▸ **WHAT THIS TASK INVOLVES**:
Search the entries for the word "couch" and pull out each line that has it.

▸ **DATA**:

"""

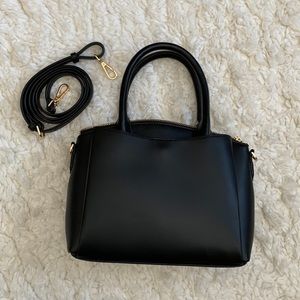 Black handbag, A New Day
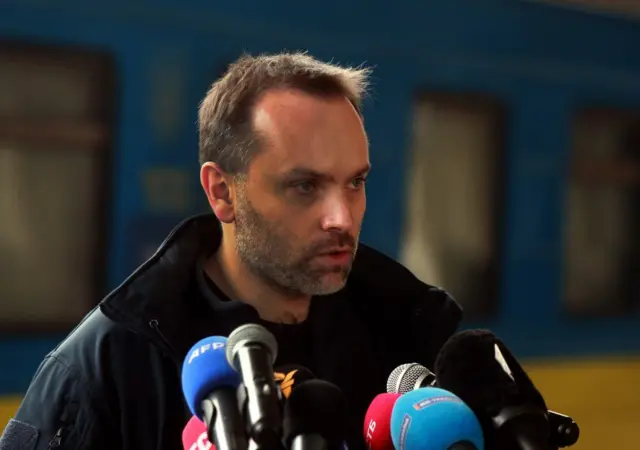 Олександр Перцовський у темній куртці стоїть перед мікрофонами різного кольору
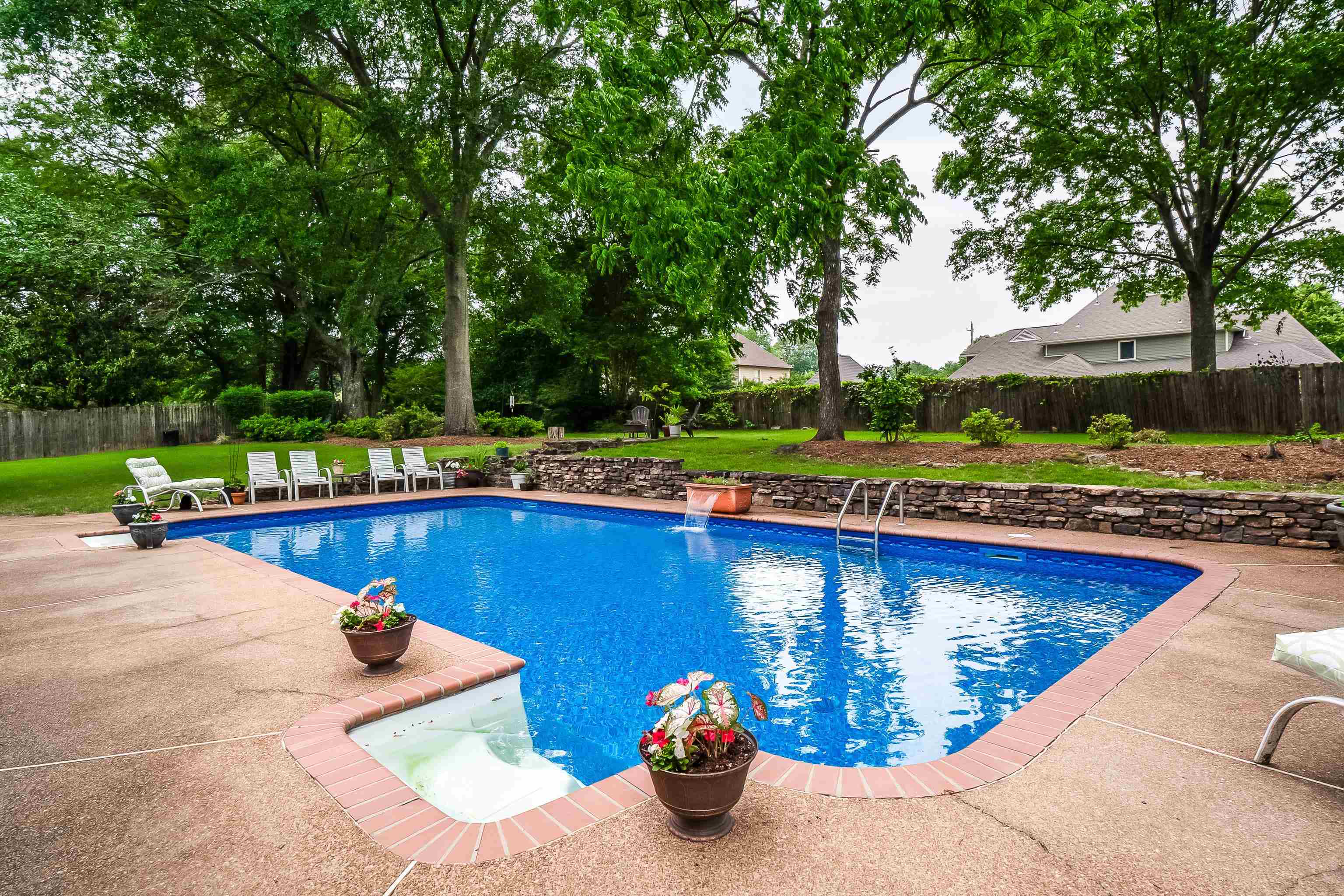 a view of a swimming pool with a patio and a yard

"""
"""

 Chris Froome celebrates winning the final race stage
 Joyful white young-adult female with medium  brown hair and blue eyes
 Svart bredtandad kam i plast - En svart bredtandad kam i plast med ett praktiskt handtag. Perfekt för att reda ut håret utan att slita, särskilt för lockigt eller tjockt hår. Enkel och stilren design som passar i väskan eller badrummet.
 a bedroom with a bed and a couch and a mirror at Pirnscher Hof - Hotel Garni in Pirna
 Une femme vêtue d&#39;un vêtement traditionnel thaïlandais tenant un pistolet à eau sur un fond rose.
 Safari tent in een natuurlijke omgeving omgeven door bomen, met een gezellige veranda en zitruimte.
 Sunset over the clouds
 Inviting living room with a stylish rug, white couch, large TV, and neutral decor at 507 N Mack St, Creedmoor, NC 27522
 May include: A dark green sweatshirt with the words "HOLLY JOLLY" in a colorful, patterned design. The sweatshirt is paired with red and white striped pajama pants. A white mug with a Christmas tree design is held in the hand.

"""
"""

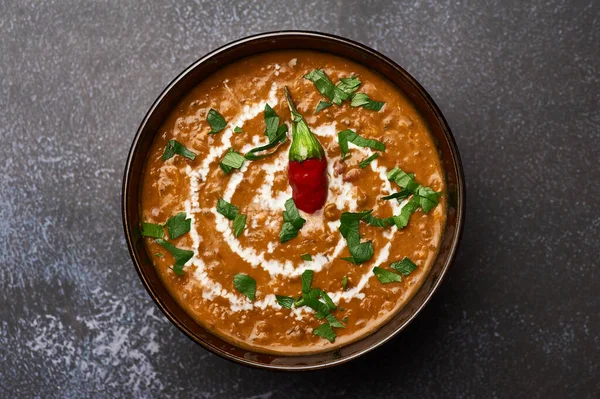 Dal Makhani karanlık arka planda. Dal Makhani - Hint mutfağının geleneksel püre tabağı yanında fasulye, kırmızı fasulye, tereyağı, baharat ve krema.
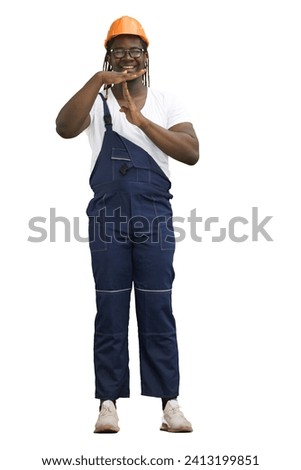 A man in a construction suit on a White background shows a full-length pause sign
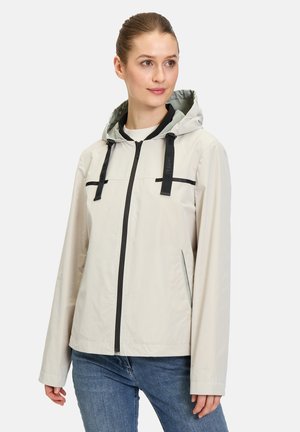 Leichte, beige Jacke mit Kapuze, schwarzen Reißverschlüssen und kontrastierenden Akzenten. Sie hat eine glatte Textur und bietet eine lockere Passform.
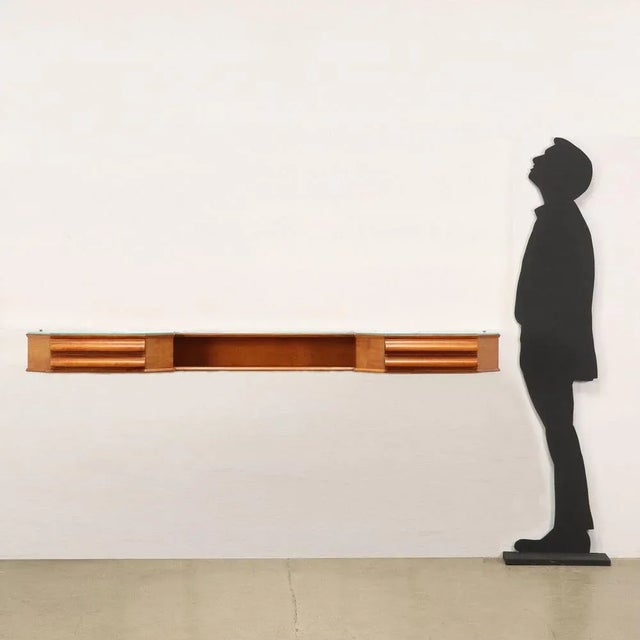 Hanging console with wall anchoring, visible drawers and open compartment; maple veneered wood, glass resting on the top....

"""

▸ **WRITTEN ANSWER**:
 a bedroom with a bed and a couch and a mirror at Pirnscher Hof - Hotel Garni in Pirna
 Inviting living room with a stylish rug, white couch, large TV, and neutral decor at 507 N Mack St, Creedmoor, NC 27522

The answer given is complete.